Quraish Shihab menuturkan bahwa yang dimaksud sakinah mawaddah warahmah itu ialah ketenangan yang dinamis.

Sakinahnya adalah sakinah yang dinamis. Ini tahapan paling awal pada setiap pernikahan. Individu Agus dan individu Kalis adalah dua otonomi yang membawa serta langgam-langgam masa lalu, karakter, dan orientasi masing-masing. Mustahil dua individu otonom itu lebur begitu saja dalam sekejap sehingga sakinah, kemudian mawaddah, dan akhirnya rahmah. Musykil.

Ada proses dinamis yang harus ditempuhi oleh setiap pengantin. Namanya saja dinamika, niscaya naik turun. Ada gronjalan-gronjalannya. Marah, sebel, muring, mutung, ngambek, menjejalkan baju-baju ke tas sambil mecucu, lalu nyegat bus pulang ke Blora, dll.. Itu merupakan bagian proses dinamis sakinah itu.

Menurut Quraish Shihab, di level sakinah ini, ketenangannya adalah ketenangan yang naik turun. Teori psikologi pernikahan menyatakan masa-masa demikian alamiah berjalan sekira dua tahun. Jadi, sakinah yang dinamis itu umumnya akan berdurasi dua tahun.

Di atas itu, rumah tangga akan masuk ke level mawaddah. Penerimaan-penerimaan dan pengertian-pengertian menjadi lebih jembar di dada. Bukan berarti orang yang sudah menikah di atas dua tahun lantas steril dari mutung, ngambek, nesu. Tidak juga. Namun, ekspresinya sudah tidak menggunakan model ngemasi baju-baju ke tas lalu nyegat bus pulang ke Blora.

Fase terakhir ialah rahmah. Lihatlah orang tua kita, kakek nenek kita, nah si rahmah itu berdenyut di kelas tinggi demikian. Mau jelek, upilan, bau pecel, bukanlah suatu masalah lagi—sepanjang kopi dan Indomie goreng rutin disediakan.

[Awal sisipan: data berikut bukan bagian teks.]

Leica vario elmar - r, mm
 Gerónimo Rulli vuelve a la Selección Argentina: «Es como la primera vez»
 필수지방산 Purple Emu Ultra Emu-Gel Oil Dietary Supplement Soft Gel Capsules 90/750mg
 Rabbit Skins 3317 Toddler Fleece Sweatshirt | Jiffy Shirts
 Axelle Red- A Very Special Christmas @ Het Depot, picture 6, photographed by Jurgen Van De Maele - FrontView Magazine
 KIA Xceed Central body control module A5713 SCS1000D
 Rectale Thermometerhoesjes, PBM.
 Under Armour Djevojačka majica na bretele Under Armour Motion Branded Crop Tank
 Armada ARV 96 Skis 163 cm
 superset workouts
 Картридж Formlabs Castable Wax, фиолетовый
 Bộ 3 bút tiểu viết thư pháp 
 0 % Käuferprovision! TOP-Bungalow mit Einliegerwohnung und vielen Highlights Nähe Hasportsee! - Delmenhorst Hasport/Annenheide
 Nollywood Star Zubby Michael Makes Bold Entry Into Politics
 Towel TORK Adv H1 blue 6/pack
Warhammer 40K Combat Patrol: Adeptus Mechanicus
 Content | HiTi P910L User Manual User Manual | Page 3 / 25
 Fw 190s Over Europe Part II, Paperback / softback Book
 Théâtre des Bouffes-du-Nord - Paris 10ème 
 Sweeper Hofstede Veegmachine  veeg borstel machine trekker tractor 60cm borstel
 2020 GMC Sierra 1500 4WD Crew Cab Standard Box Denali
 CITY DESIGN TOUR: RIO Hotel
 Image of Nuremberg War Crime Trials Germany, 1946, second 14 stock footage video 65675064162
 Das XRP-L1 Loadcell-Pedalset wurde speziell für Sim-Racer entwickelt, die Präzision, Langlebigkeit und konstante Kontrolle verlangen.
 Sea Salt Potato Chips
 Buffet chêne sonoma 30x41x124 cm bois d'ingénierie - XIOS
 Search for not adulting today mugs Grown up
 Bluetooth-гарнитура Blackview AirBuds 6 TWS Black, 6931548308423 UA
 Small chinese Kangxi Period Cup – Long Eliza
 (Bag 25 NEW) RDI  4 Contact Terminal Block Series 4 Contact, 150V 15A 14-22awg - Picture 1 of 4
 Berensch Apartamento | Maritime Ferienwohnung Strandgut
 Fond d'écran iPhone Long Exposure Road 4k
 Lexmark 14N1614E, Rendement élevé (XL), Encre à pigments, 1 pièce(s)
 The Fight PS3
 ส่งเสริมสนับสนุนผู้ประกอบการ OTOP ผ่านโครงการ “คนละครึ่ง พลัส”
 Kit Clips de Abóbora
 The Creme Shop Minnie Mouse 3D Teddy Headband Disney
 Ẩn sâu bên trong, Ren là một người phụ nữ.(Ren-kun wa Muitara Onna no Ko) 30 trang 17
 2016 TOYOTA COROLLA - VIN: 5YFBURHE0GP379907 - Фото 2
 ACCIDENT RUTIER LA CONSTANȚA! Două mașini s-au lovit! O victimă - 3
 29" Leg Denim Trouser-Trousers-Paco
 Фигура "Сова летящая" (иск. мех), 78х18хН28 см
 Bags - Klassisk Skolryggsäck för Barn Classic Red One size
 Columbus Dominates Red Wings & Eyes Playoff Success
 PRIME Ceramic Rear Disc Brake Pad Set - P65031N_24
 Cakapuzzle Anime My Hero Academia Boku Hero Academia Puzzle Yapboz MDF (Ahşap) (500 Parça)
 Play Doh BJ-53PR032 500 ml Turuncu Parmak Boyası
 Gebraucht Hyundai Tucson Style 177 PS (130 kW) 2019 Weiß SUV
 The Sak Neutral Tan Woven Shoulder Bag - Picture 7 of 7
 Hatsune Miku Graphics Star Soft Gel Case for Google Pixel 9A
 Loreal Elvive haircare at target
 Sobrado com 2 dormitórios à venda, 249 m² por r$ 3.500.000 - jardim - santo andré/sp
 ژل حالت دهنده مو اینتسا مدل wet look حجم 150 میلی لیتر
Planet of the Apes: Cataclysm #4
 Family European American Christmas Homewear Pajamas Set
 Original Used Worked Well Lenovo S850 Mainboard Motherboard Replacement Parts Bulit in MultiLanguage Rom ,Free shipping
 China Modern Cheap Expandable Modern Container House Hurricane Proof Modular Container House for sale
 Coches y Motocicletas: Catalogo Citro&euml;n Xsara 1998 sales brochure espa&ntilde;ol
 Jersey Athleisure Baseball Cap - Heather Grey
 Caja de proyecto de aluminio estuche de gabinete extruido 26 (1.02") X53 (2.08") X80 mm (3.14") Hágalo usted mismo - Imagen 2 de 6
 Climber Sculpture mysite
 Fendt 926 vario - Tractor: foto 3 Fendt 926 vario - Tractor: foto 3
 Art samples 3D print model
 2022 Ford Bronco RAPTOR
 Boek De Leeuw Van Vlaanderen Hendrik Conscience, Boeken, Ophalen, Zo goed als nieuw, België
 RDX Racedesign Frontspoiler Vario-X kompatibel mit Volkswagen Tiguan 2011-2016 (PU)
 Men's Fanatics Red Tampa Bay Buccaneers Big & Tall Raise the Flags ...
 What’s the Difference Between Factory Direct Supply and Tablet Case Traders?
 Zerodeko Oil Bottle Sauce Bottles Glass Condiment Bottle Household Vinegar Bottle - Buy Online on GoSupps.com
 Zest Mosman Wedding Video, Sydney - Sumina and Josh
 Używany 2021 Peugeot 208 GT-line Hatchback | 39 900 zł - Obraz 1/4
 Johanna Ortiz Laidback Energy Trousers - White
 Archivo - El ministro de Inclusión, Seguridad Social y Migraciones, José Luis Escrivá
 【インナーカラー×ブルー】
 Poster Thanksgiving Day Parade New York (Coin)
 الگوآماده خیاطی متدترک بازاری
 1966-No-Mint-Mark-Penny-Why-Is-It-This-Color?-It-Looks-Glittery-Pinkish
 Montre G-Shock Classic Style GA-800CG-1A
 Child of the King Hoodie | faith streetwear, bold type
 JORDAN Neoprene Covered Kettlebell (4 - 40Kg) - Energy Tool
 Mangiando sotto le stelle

Selesai.

Dua tamsil tafsir Quraish Shihab itu, sekufu dan sakinah mawaddah warahmah, memperlihatkan dengan cemerlang jelajah keilmuan, nalar, dan kontekstualisasi yang sangat rasional sekaligus menyejukkan. Harapan-harapan seketika bertunas di kepala kita. Islam di tangan Quraish Shihab menjadi sangat manusiawi, membumi, dan rahmatan lil ‘alamin. Allah seketika terejawantah sedemikian adil, welas asih, dan memberikan ruang luas kepada manusia untuk berusaha lebih baik dan lebih baik lagi.

Seyogianya, dengan semaian tafsir yang optimistis demikian, tidak ada lagi alasan bagi kita untuk tidak ngefans Quraish Shihab. Terutama kaum jomblo. Quraish Shihablah yang membela hak-hak kebahagiaan kalian, bukan ustadz fesbuk yang itu.

Jadi, tak usah membanding-bandingkan Habib Quraish dengan dia lagi, ya.